Allons, il est temps de se secouer et de se remettre de ses émotions! Je vais explorer l’île en voiture, comme à l’accoutumée, que je réserve dans une agence locale, souvent moins chère que les grandes enseignes. Bon, par où commencer? Avant de rejoindre mon lieu d’hébergement pour les deux nuits à venir (un peu de patience!), je choisis de partir vers l’ouest de l’île, ce qui me permet de suivre une magnifique route panoramique, qui surplombe la mer de façon assez majestueuse. Il est rare d’avoir une vue aussi étendue sur la mer Égée.
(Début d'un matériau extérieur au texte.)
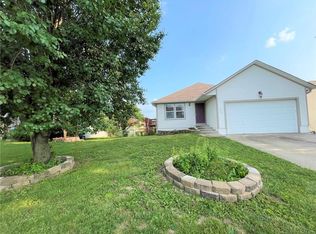 1718 Sunrise St, Warrensburg, MO 64093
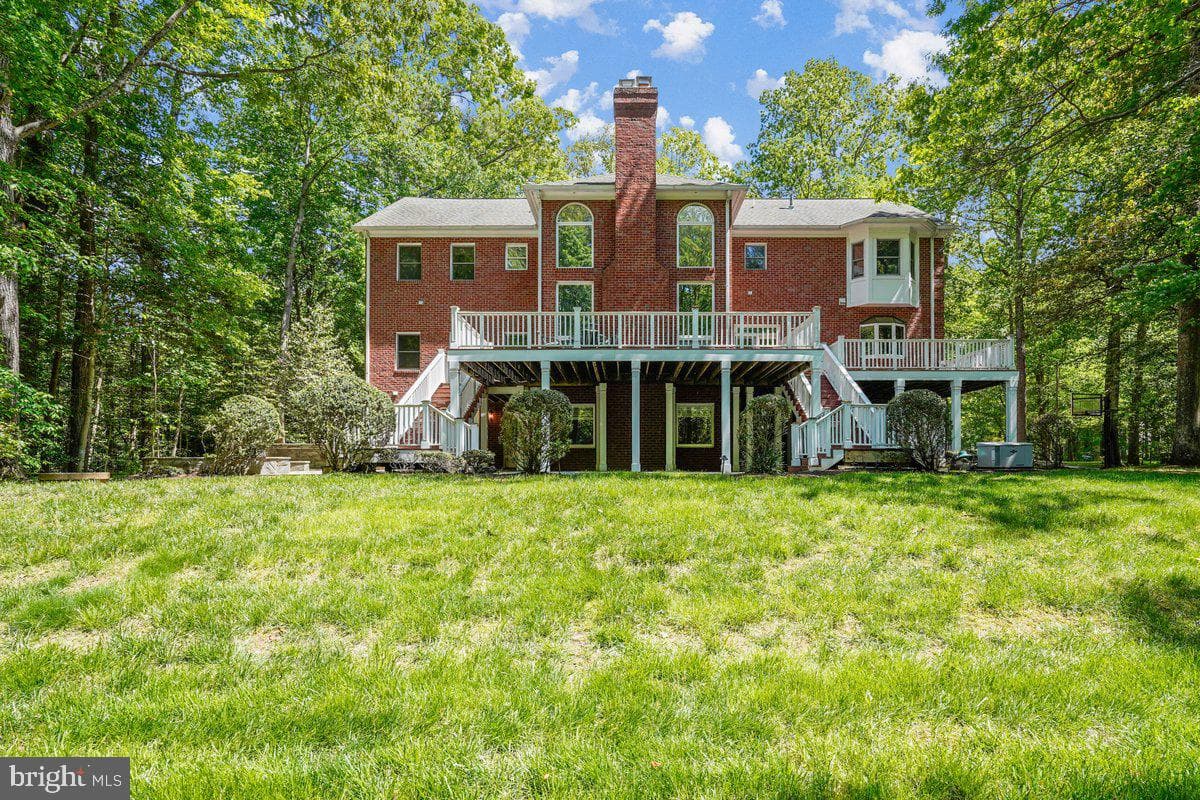 188 River Park Drive photo 3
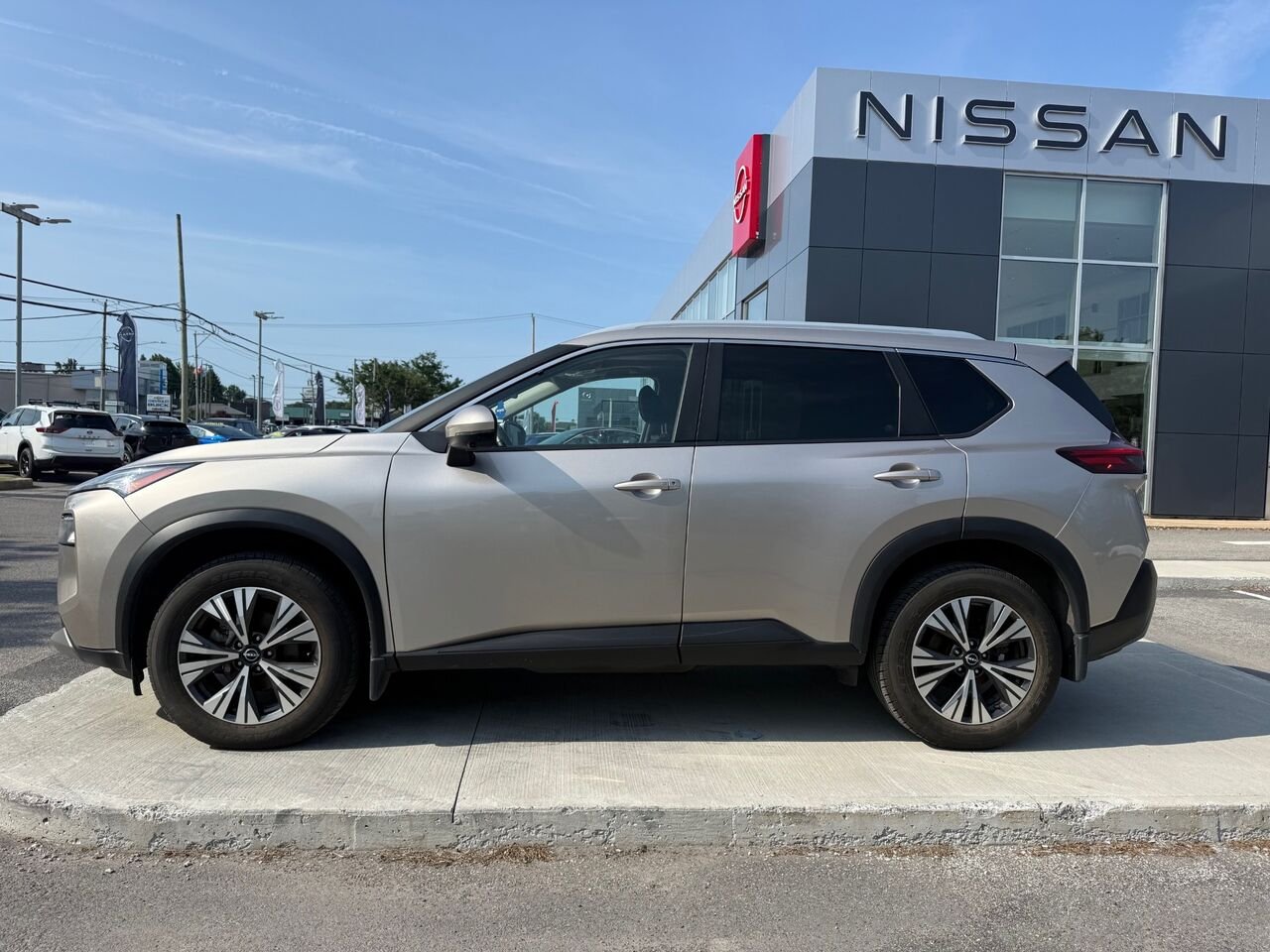 2023 Nissan Rogue SV TI avec ensemble toit ouvrant Silver Châteauguay - photo #1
Le paysage est pour l’instant très rocheux et minéral, ponctué de quelques anciennes cultures en terrasses et de bouquets d’arbres. Tinos est une île principalement montagneuse, aux paysages variés comme je le verrai au cours de mes déambulations.
Mon premier arrêt sera pour le village d’Isternia (Υστέρνια), un superbe village blanc à flanc de colline à 18 km de la capitale, un peu en retrait de la route à deux bandes qui va vers le nord de l’île. Les maisons blanchies à la chaux, aux portes et volets bleus, les bougainvilliers… tout celà pourrait sembler répétitif, mais pas du tout, aucun village des Cyclades, quelle que soit l’île, n’est une copie conforme de son voisin! Les ruelles d’Isternia, à l’instar de bien d’autres villages de Tinos, sont faites d’un dallage de marbre. Hé oui, le marbre, encore lui! Entre l’île de Tinos et ce matériau noble, c’est une histoire d’amour. Çà, on en reparle plus tard, promis (non, je ne procrastine pas, je fais durer le suspense pour te garder avec moi jusqu’au bout du voyage. Pas con, hein?). Par ailleurs, on trouve toujours quelques ateliers de sculpteurs dans le village, et certaines maisons ont les noms de leurs propriétaires gravés sur leur façade.












Au nord d’Isternia, un alignement d’anciens moulins à vent, en bien mauvais état excepté un seul, fait face à la petite église Agia Anastasia. Ce n’est pas forcément le site le plus exceptionnel de l’île, mais la perspective est intéressante.